- _Listed entries_:
[Start of section]

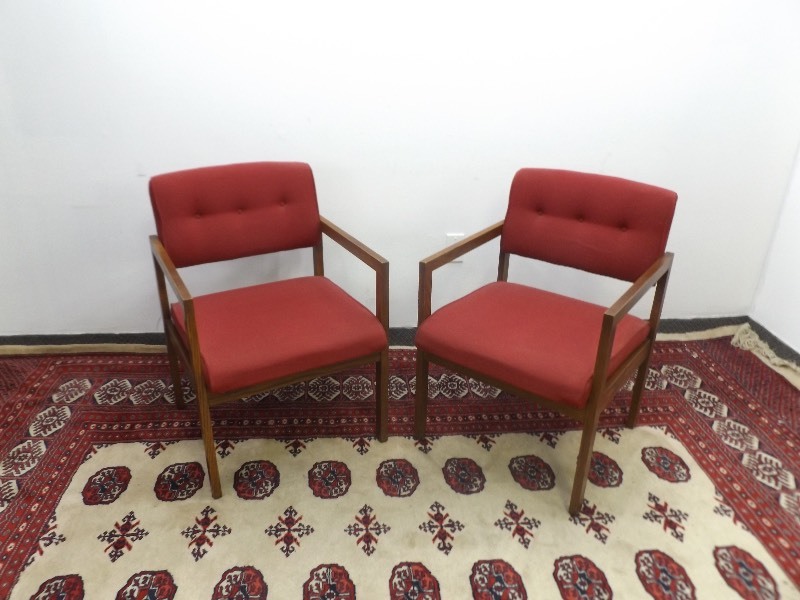 lot 19 image: 2 Mid Century Kimball Chairs 
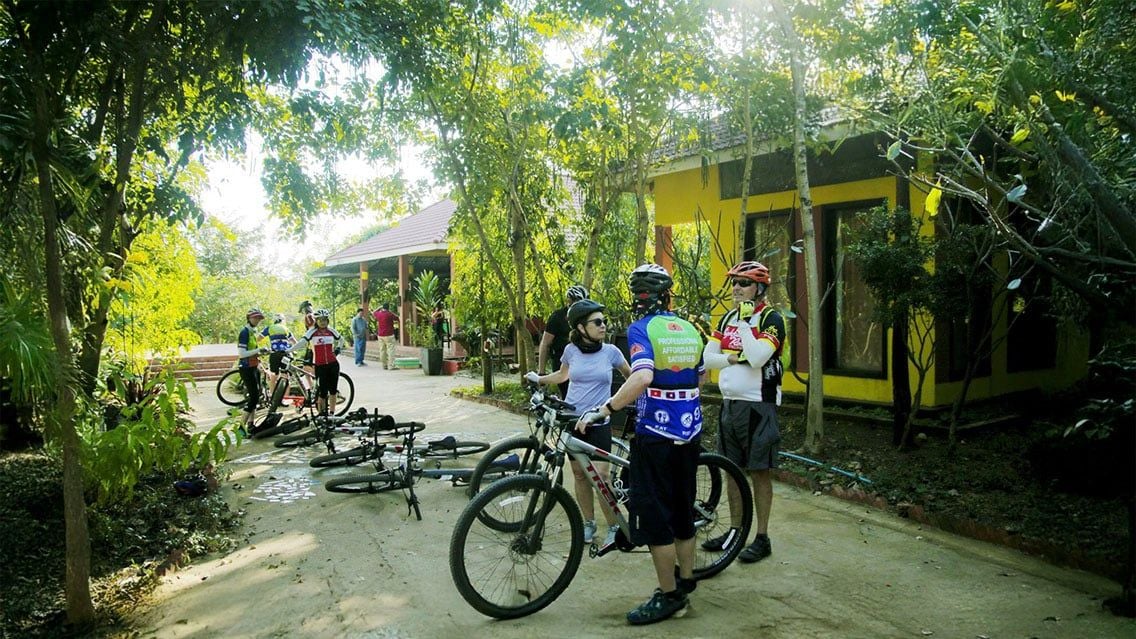 From Floating Markets to Temple Shadows: Cycling Through Mekong’s Living Traditions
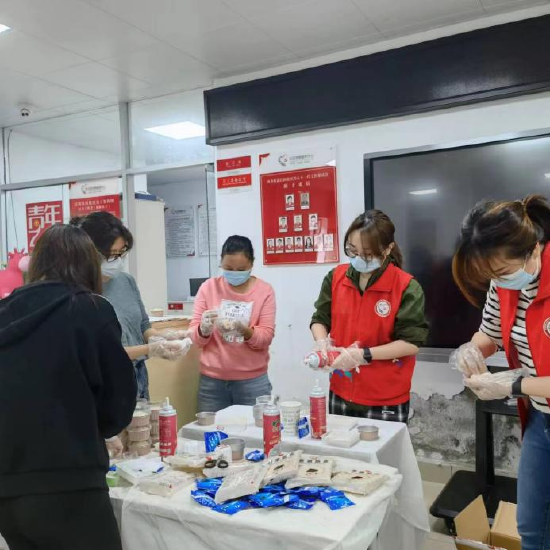 社工在为居民展示雪媚娘的制作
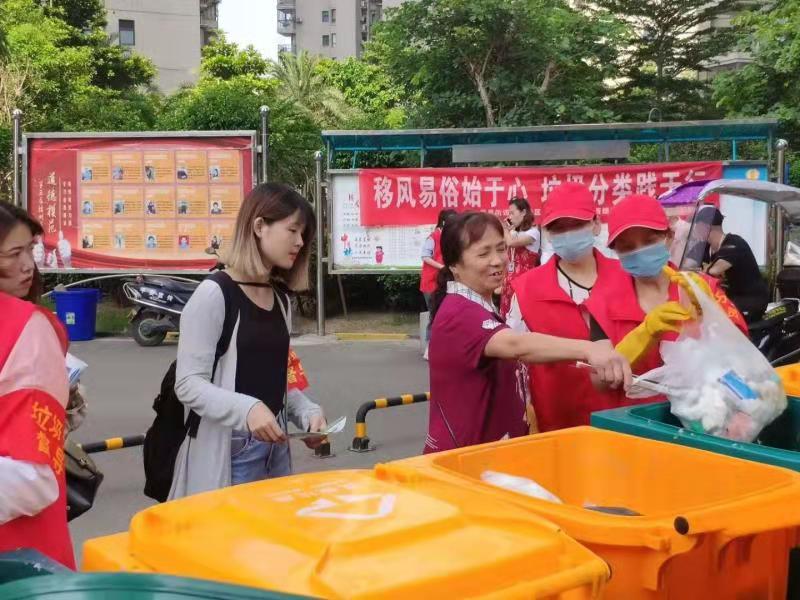 台湾志愿者进社区宣传垃圾分类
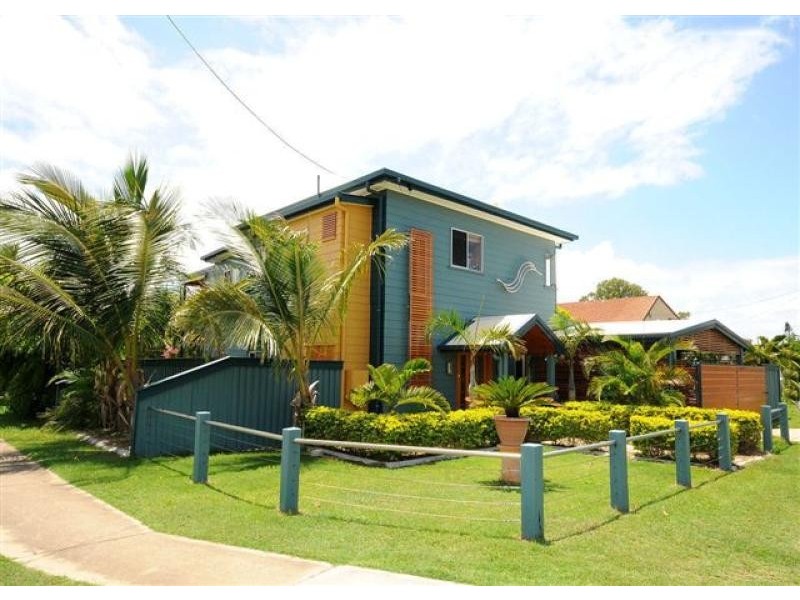 204 Cypress Street, Urangan QLD 4655
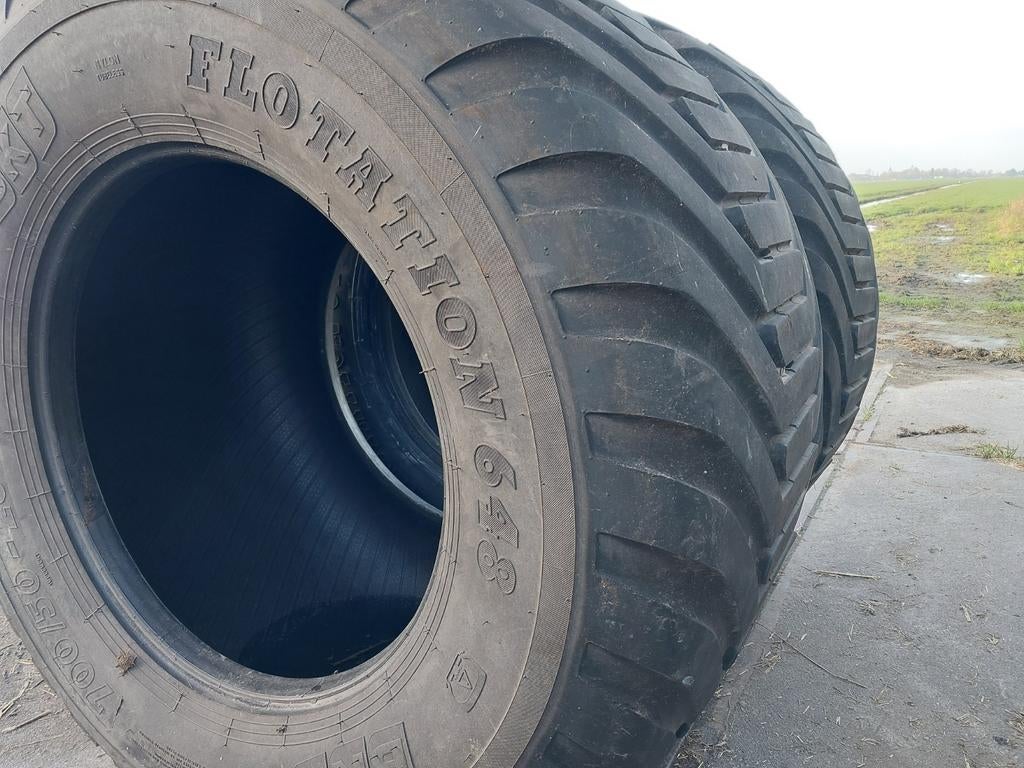 BKT flotation 648 700/50r26.5, Ophalen of Verzenden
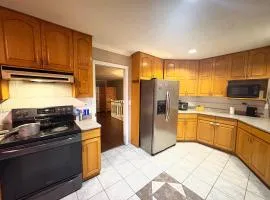 Modern Suite near Transit & Surrey Central - Free Parking & Wifi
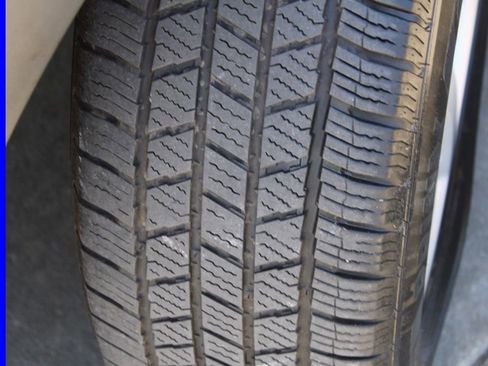 Used 2016 Ford Explorer XLT w/ Equipment Group 202A AWD/4WD image 14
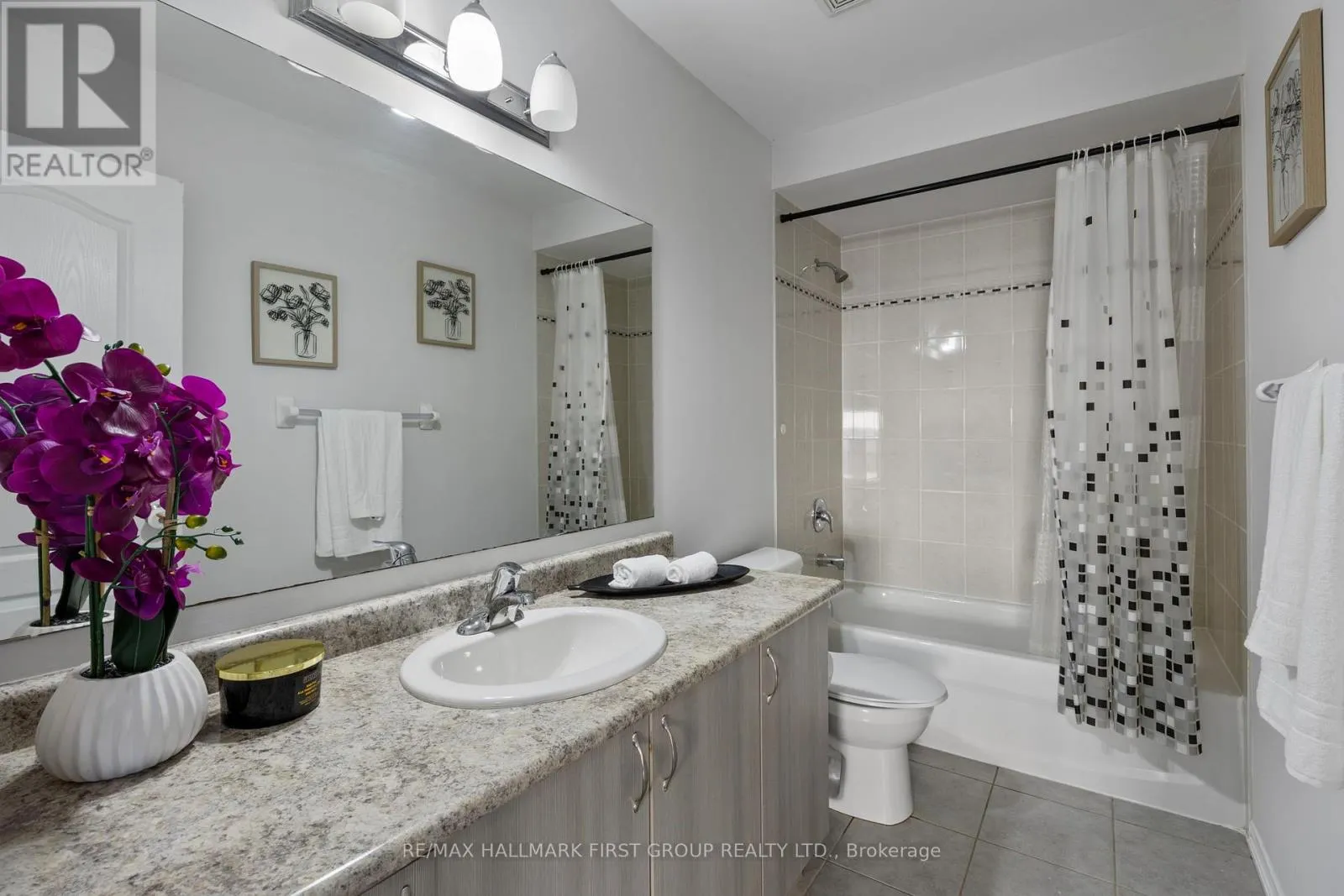 173 WINDFIELDS FARM DRIVE W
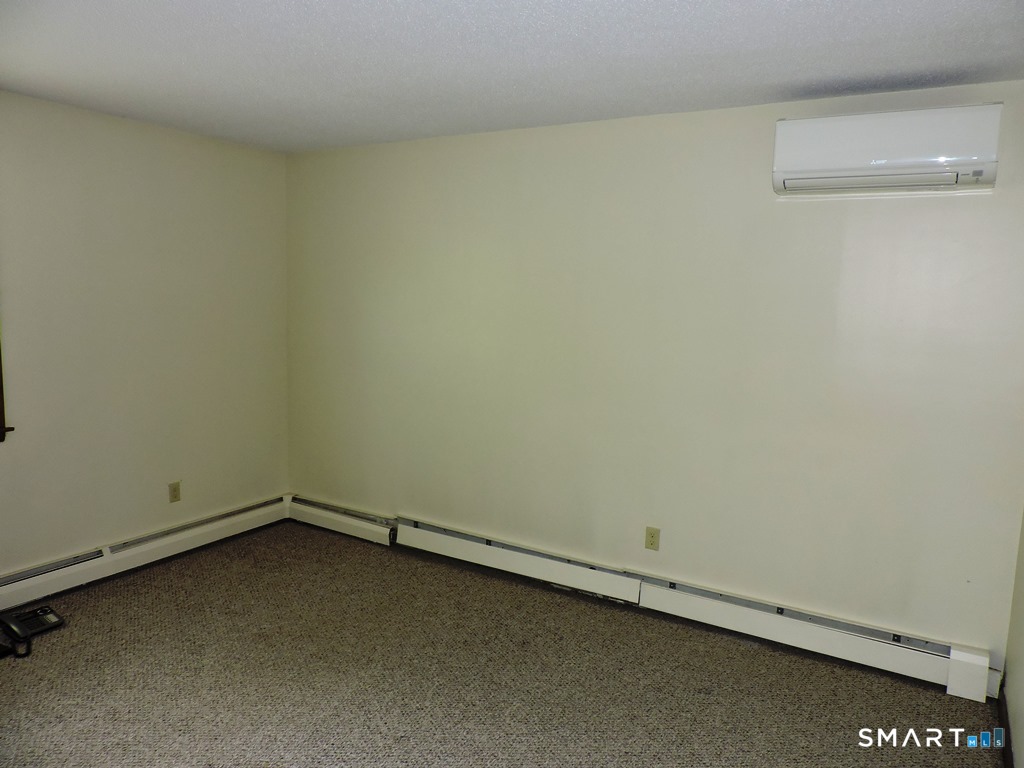 269 Griffin Road South Windsor, CT 06074 - Photo 19 of 36 an empty room with a window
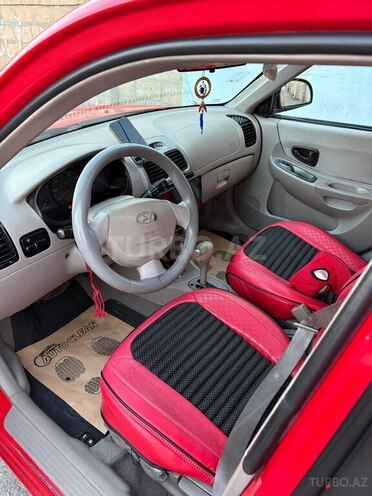 Hyundai Accent-8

[End of section]

- _Task goal_:
Return word for word the line bearing "Used 2016 Ford" and every later line of the entries, but none of the pictures.

- _Solution for this exercise_:
 Used 2016 Ford Explorer XLT w/ Equipment Group 202A AWD/4WD image 14
 173 WINDFIELDS FARM DRIVE W
 269 Griffin Road South Windsor, CT 06074 - Photo 19 of 36 an empty room with a window
 Hyundai Accent-8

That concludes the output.